Now, from the output node, we have N incoming links from other nodes. We propagate the error to the last layer before the output node. Then propagate it down to the next layer (when there is more than one uplink, you sum the errors). And then recursively propagate to the first
To adjust the weights for training, for each node you basically do the following:
learningRate and alpha are parameters you can set to adjust how quickly it hones in on a solution vs. how (hopefully) accurately you solve it in the end.

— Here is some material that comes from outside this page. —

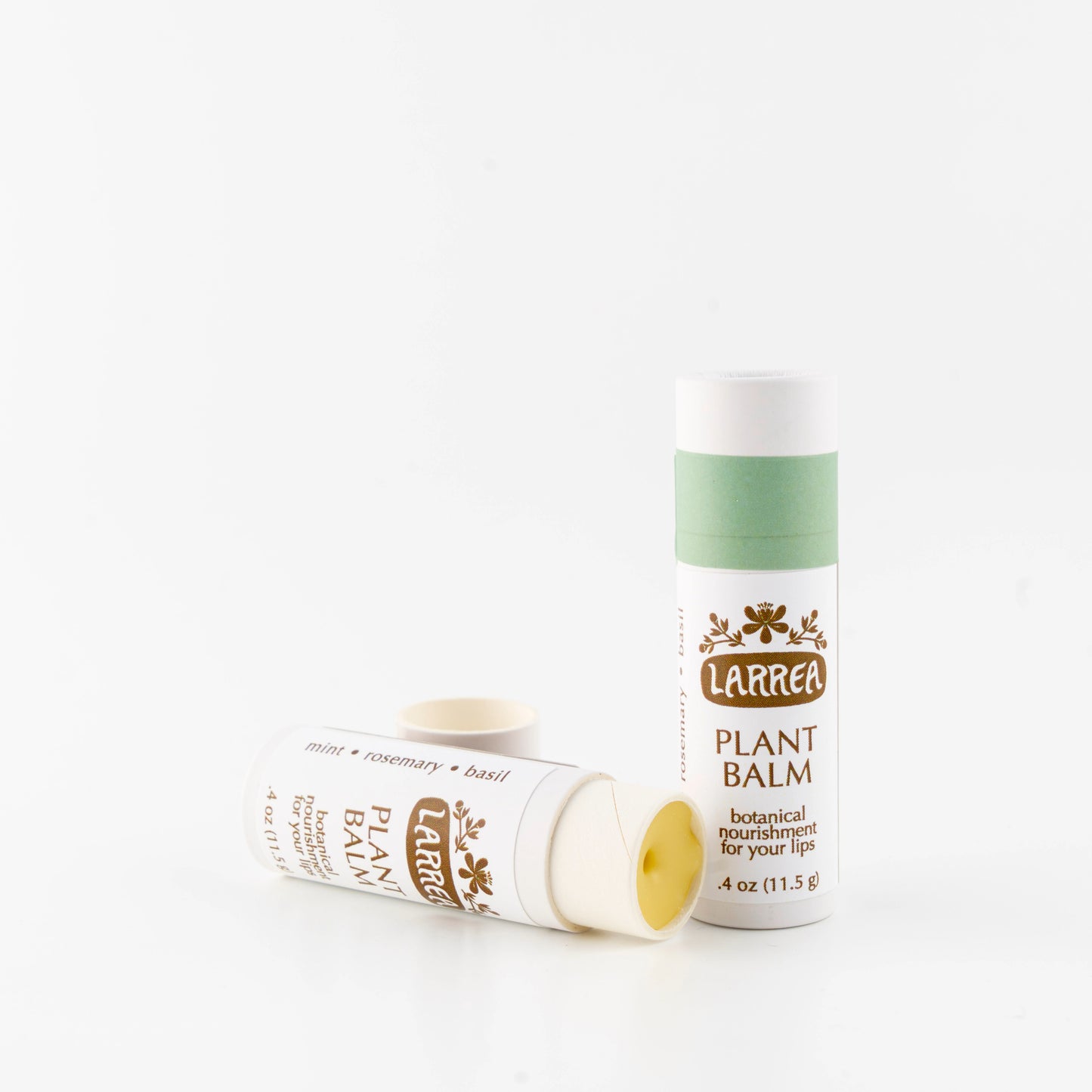Plant Lip Balm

如果你看一下计算图,就很容易理解了,它给出了如何通过链式法则(Chain Rule)计算成本函数或损失函数与权重的梯度(这基本上就是反向传播),然后调整权重中的每个权重的机制使用梯度下降的神经网络,其中梯度是通过反向传播计算的梯度。即根据每个权重对最终成本的影响程度,按比例调整每个权重。这里解释的太多了 - 但这里是章节的链接 https:// /alexcpn.github.io/html/NN/ml/4_backpropogation/ 来自我制作 https://alexcpn.github.io/html/NN/
它试图以简单的方式解释这一点。
It is easy to understand if you look at the computation graph which gives how the gradient of the Cost function or Loss function wrto weight is calculated by Chain Rule (which is basically what back propagation is) and then the mechanism of adjusting every weight in the neural network using gradient descent, where the gradient is the one calculated by BackPropogation. That is proportionally adjusting each weight, based on how strong each weight is affecting the final cost. It is too much to explain here -but here is the link to the chapter https://alexcpn.github.io/html/NN/ml/4_backpropogation/ from my book in making https://alexcpn.github.io/html/NN/
which tries to explain this in a simple way.